Friction is a kind of inherent and nonlinear disturbance in feed systems, which inevitably deteriorates motion accuracy at velocity reversal. Position error caused by friction is integrally effected by three aspects of feed drives, including command, control, and mechanical subsystems. Unfortunately, the traditional analyses hardly consider all mentioned aspects. Especially, no research has been reported on control characteristic at reverse motion. The purpose of this paper is to reveal the generation mechanism of friction error of a feed drive based on the commercial computer numerical control with three-loop control structure and velocity feedforward and proportional-proportional-integral controllers. Firstly, the generation process of the friction error at velocity reversal is profoundly investigated.
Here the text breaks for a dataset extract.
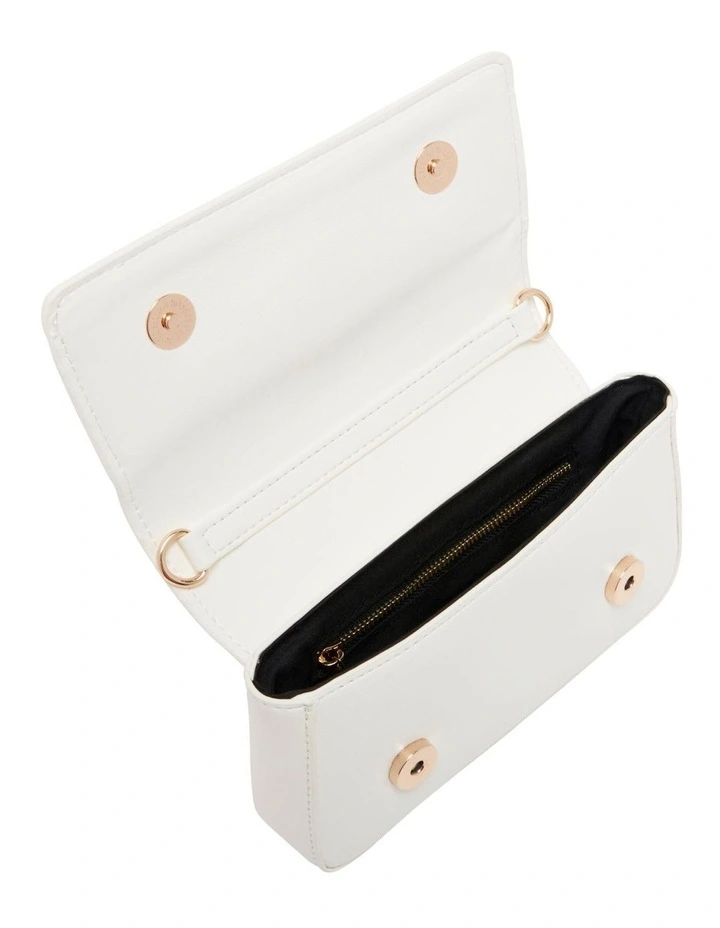 1978W Knot Crossbody Bag In White 6 1978W Knot Crossbody Bag In White - Image 4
Based on it, a simplified control model is conducted to explain transition from presliding to sliding regimes. It is the bond of analyzing friction error from command, control, and mechanical subsystems. Subsequently, the processes of presliding, acceleration, and adjustment stages are analyzed. Moreover, analytical formulas are derived to predict the durations of three stages and describe the shape of friction error. Then, the contour errors of linear and circular motion caused by friction can be predicted online. Experiments are introduced to verify the effectiveness of the proposed methods and formulations.